フランスに揺られながら DANS LE HAMAC DE FRANCE

フランス的なものから呼び覚まされることを観察するブログ

J'OBSERVE DONC JE SUIS

パリ最後の夜 LE DERNIER JOUR DE PARIS- AMATEUR D'ART

2005-07-08 23:51:50 | パリ・イギリス滞在

ここ2-3日肌寒い日が続いている。今日も雨が時々降っていた。昨日は働いているセクションの人が、私のためにそれぞれ料理を持ち寄ってパーティを開いてくれた。私が皆さんを招待しようと提案したのだが、受け入れてもらえずこのようなことになってしまった。MDからはプレゼントがあった。中世美術館で聞いたスペインの中世音楽に彼の家で再会したというお話を書いたが、そのCDであった。実は昨日 FNAC で探したのだが見つからなかったもので、感激。

今日はこれからの仕事の打ち合わせをMDとした後、ケーキを囲んでお返しのお別れパーティを開いた。

-------------------------------------------

その後、一ヶ月に及んだパリ滞在の最後に不思議な出会いが待っていた。
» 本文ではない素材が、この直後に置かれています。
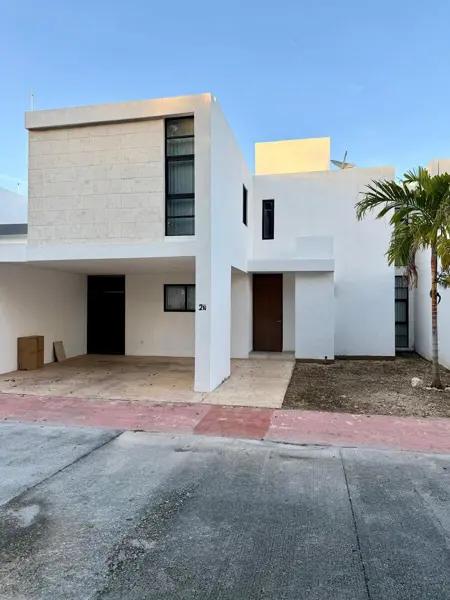 CASA EN VENTA EN PRIVADA EN CONKAL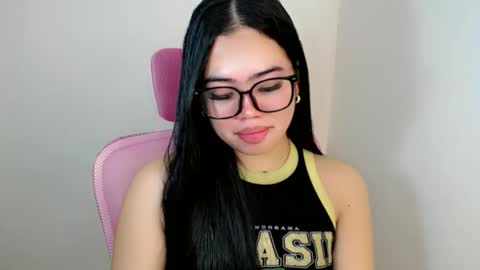 Snapshot of alesha_vibe_me chatting on May 2026 12:37:02 PM alesha_vibe_me online show from May 2026 12:37:02 PM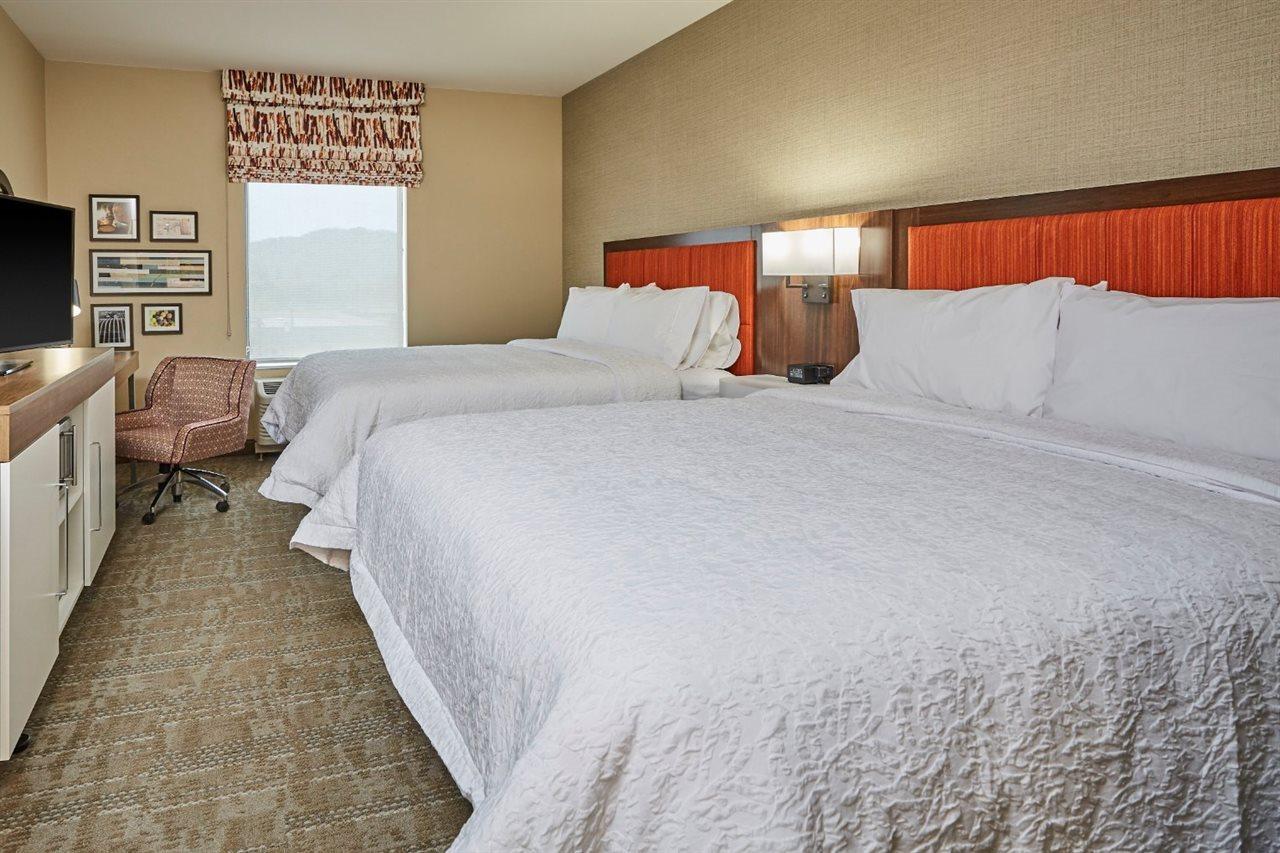 Hampton Inn & Suites Roseburg Exteriör bild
少し長くなるが、フランス語の勉強もかねて書いてみたい。

一昨日の夜、久しぶりにブックマークしている展覧会などを扱っているサイトに行って驚いた (Amateur d'art: visites d'expos)。これまで日本の方からいろいろコメントをいただき、励まされてきた。今回は日本語もわからない方が、そのブログの中で私のサイトについて触れていた。今パリにいるので、何か不思議な、ありがたい気持ちになった。

そこには次のように紹介されている。

J'ai commencé ce blog le 28 mars. J'ai depuis publié 25 papiers, et reçu 50 commentaires provenant d’une vingtaine de personnes, souvent fidèles, avec qui des liens se développent peu à peu.
Bien que n'ayant jamais parlé du Référendum sur la Constitution Européenne, j'ai aujourd'hui entre 200 et 250 visiteurs par jour. Ce chiffre me fait très plaisir. Etre inclus dans la Sélection du Monde m'a aussi fait très plaisir. Parmi les sites qui ont eu la gentillesse de me mentionner, il y a même un japonais, nommé Paul Ailleurs, dont la devise semble être In vino veritas.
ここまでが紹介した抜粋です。